For the past few years I’ve been struggling to decide whether or not I want to add a dog to our family.  I love dogs.  Dogs seem to love me.  I just can’t seem to take that leap to make a lifelong commitment to another four legged friend.

For all intents and purposes, adopting a dog is like having a child.  Both require lots of patience and care.   Granted, a dog you will never defy you shout “you’re not the boss of me!”  like Izzie, my calico does that on a regular basis.  But they do need to go out to “do their business” and tend to track the great outdoors in.

On a practical note, I tell myself that a dog will provide me with another outlet for exercise.  I really would like to walk a dog, to have a buddy on my walks (which I haven’t been taking without someone to walk with).  A dog would also provide my another outlet for my need to shop – there are some really cool dog products out there.
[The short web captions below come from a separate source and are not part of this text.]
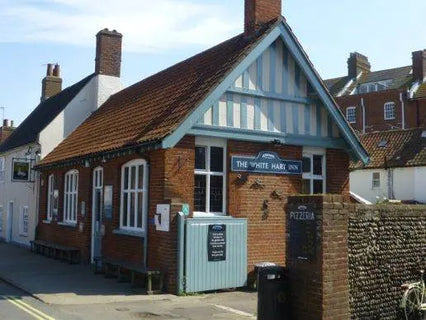 The White Hart - Adnams PLC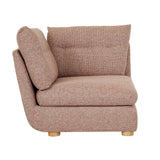Hugo Marla Corner Sofa Noyack Orchid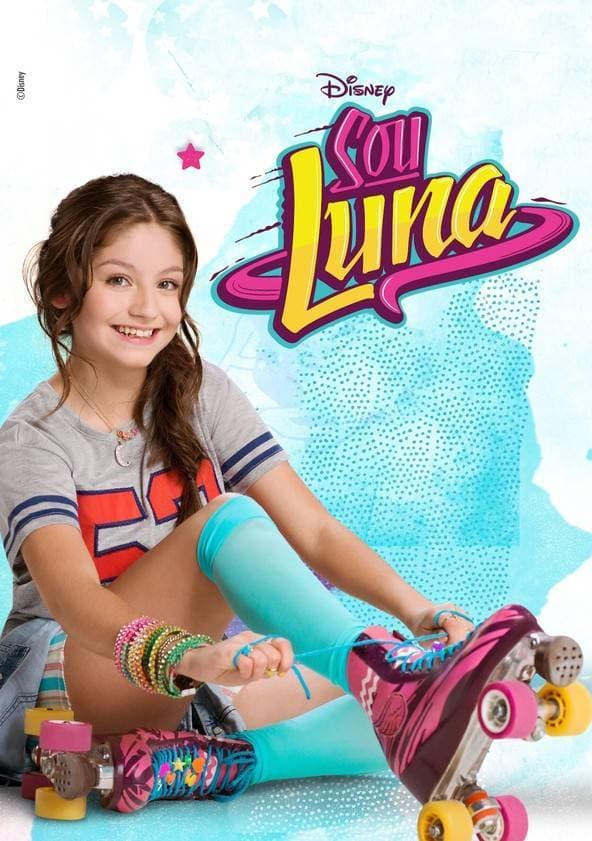 Serie Soy Luna - 1ª temporada 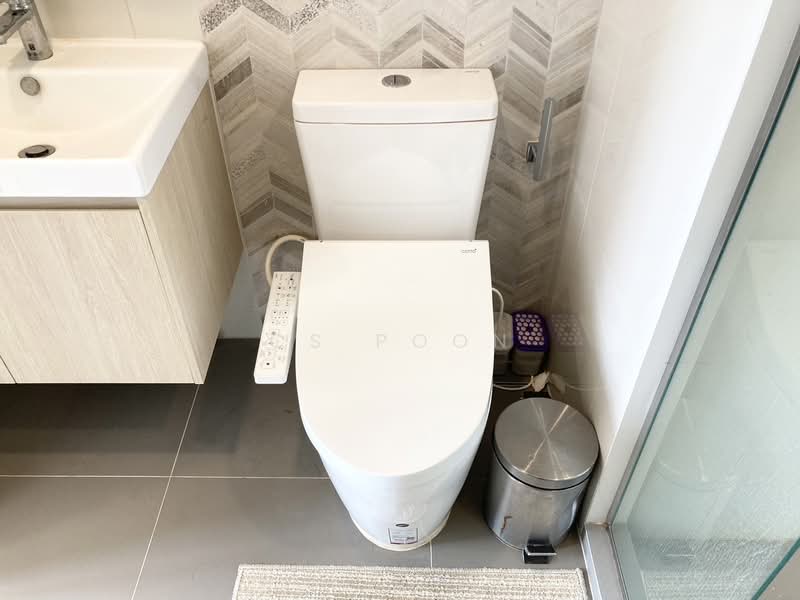Oka Haus Sukhumvit 36, Bangkok, 3399 Rama 4 Road, Khong Tan, Khlong Toei, Bangkok, 1 Bedroom, 34 sqm, Condo For Rent, by CS Poon, 11554370 - DDproperty.com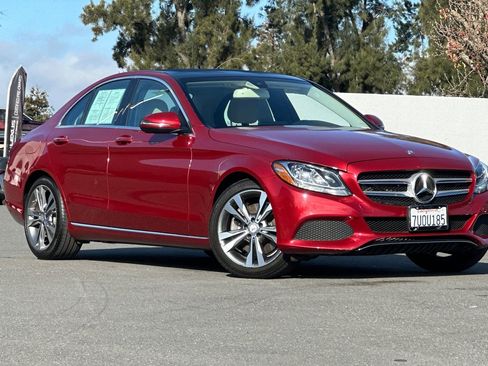 Used 2016 Mercedes-Benz C 300 Sedan image 2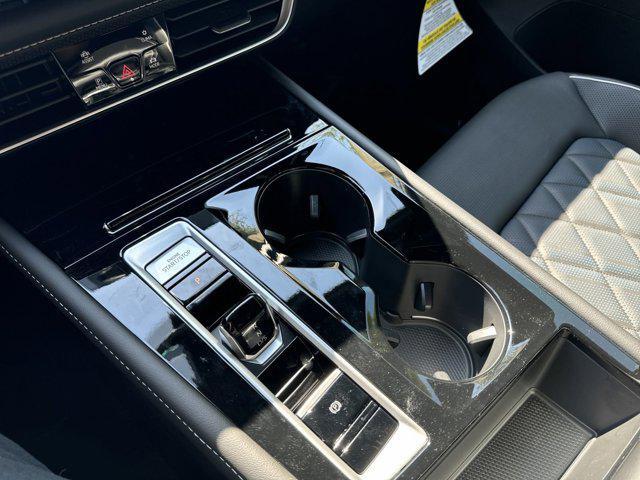 new 2026 Volkswagen Atlas Cross Sport car, priced at $53,516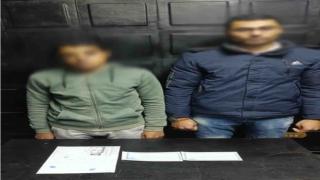 القبض على المتهمين بخطف منظم حفلات واجباره على توقيع ايصالات امانة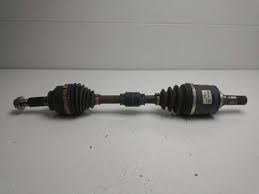 Піввісь передня ліва GG6125600A MAZDA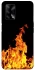 Чохол на Oppo A74 4G Вогонь фото 1 з 1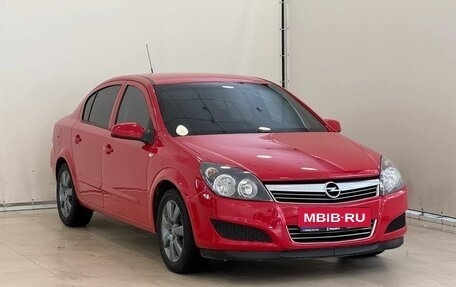 Opel Astra H, 2007 год, 595 000 рублей, 2 фотография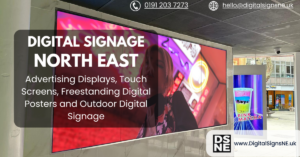 Digital menu screens for restaurants: Modern displays that transform your customer experience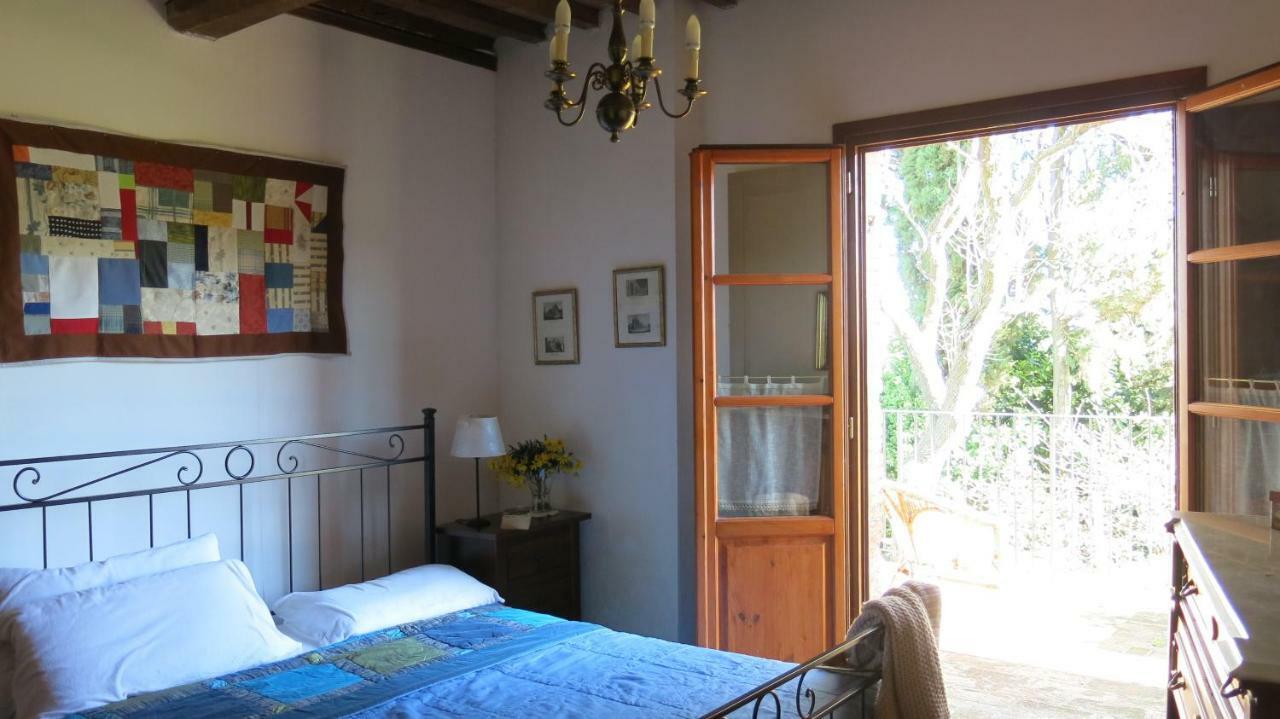 Agriturismo I Moricci Peccioli Екстер'єр фото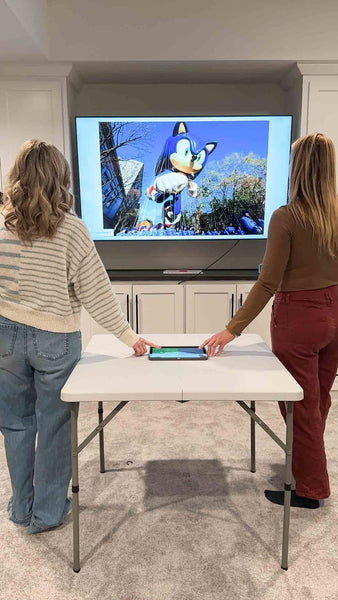 Thanksgiving Floor Inspired Game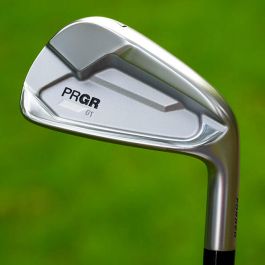 PRGR 01 Irons 2023 6-P ( 5pcs )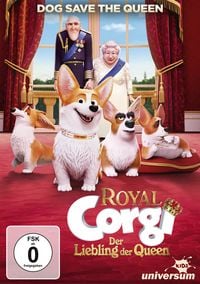 Produktbild: Royal Corgi - Der Liebling der Queen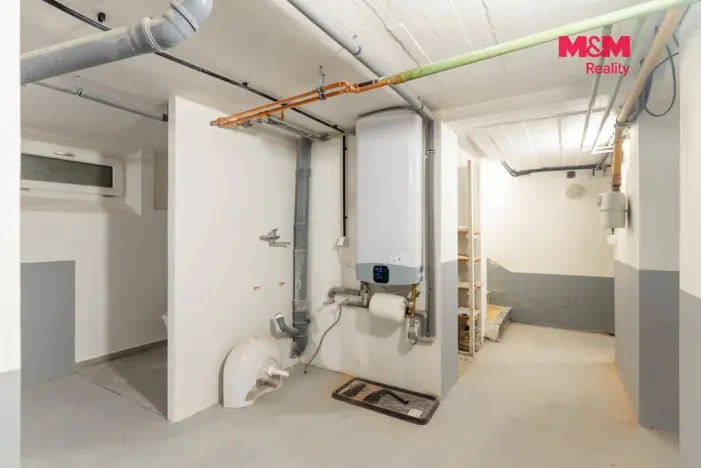 Prodej rodinného domu, Kroměříž, Albertova, 105 m2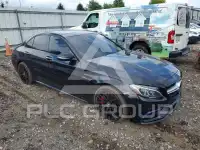 2017 Mercedes Benz C-Class фото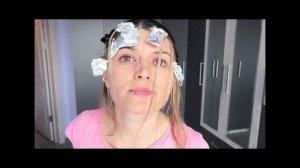 Контуринг волос в домашних условиях - делаю самостоятельно светлые пряди у лица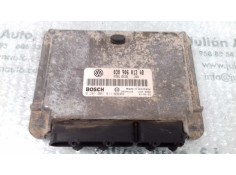 Recambio de centralita motor uce para seat ibiza (6k1) select referencia OEM IAM 038906013AB 0281001911 BOSCH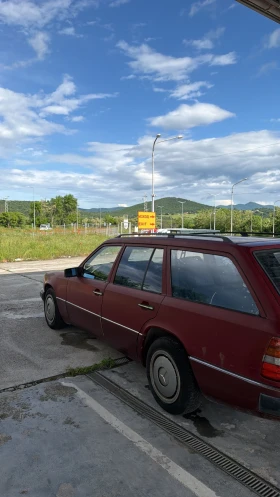 Mercedes-Benz 124 W124 250D, снимка 3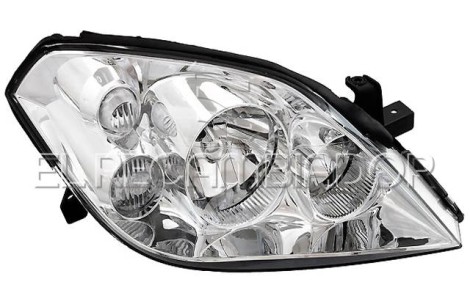 HEADLAMP Right side (passenger) NISSAN PRIMERA (02-08) 4 Ptas. / 5 Ptas. / Familiar - 11521402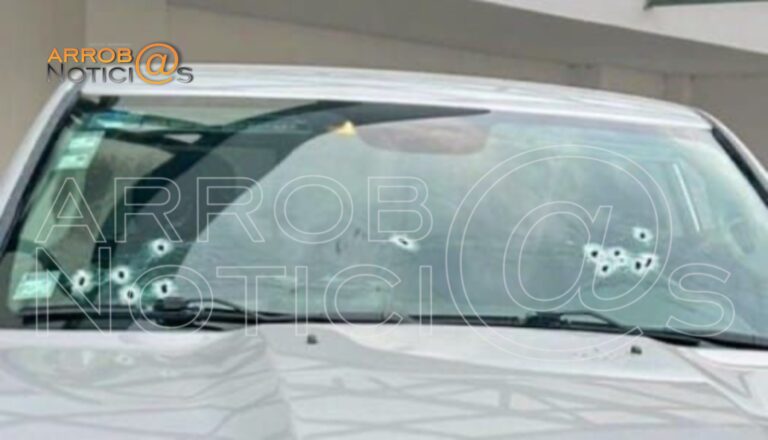 Balean a escolta de la SSC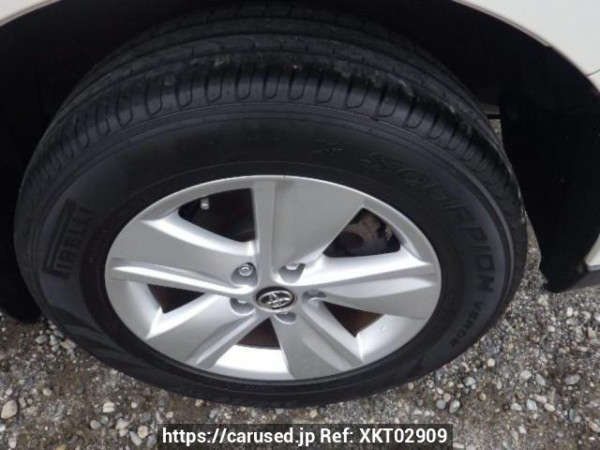 Used 2014 AT toyota harrier ZSU60W Image[24]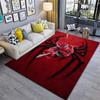 1PC Spider-Man Rug - home decoration Carpet For Living Room Bedroom Flooring Computer Chair Area Rug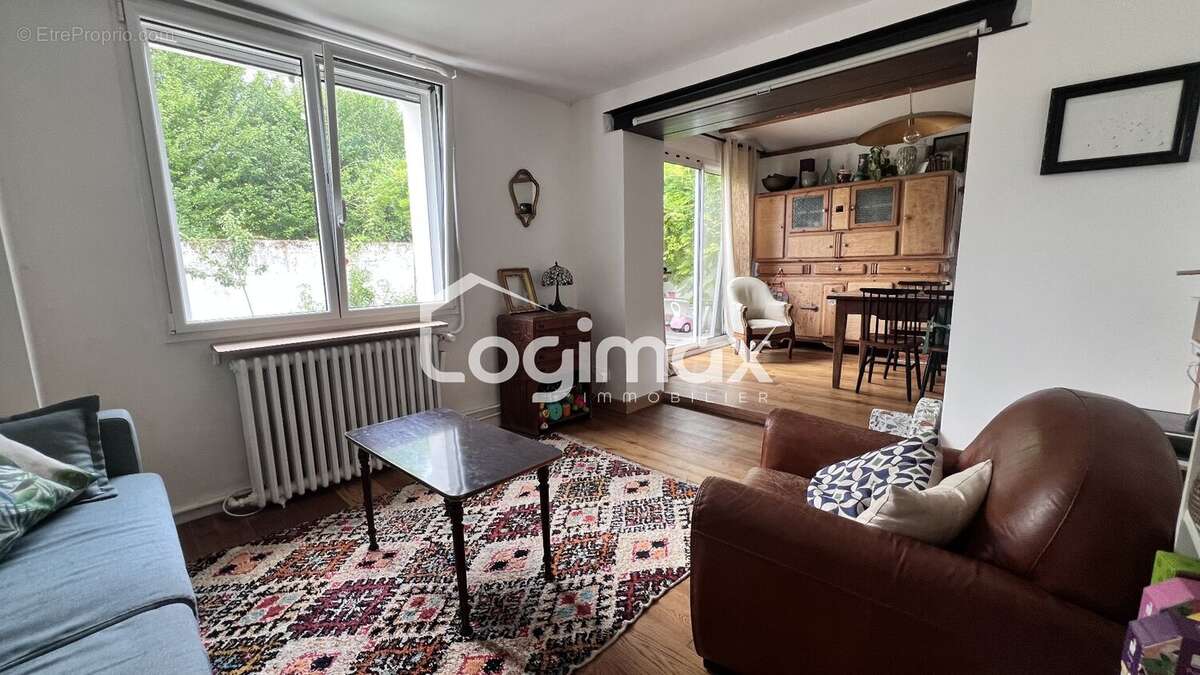 Maison à LA ROCHELLE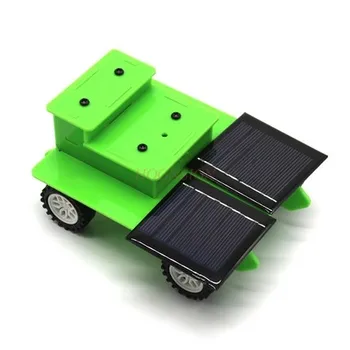 kutija opreme za fizičkog eksperimenta solarni automobil DIY igračka ručne izrade obrazovno proizvođač znanost mali eksperimentalni model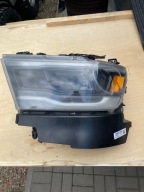 LAMPA LEWA PRZÓD DODGE RAM V 5.7 SPORT FULL LED BLACK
All the pros and cons aside, my real concern is how Izzie, Calico Queen of the house, will react to a canine companion.  The bite on my hand is just beginning to fade along with the memory of her reaction the last time she had a close encounter with a dog.  She is mellowing to our doggy neighbor and no longer puffs her tail when poor Marky emerges from her back door.  Lately, Izzie meerly posses herself regally on the lawn and nonchalantly observes the canine behavior with intellectual detachment.   I still worry what would happen should a puppy actually enter our home.  It could be ugly.

I’ve been scanning the local SPCA pages with little luck.  I’d really like a small to medium sized dog and have fallen in love with the Cavalier King Charles Spaniels.  Sadly, there does not seem to be the uncontrolled breeding of these dogs that would populate an animal shelter.   I have found a local breeder but I’m torn between rescuing a dog or merely writing a check.

So, here I sit, like J Alfred Proofrock, in a state of indecision.  Do I dare get a dog?  remains to be seen whether I will find the dog of my dreams or have to lower my expections.  If I don’t, I may risk becoming a doggie spinster.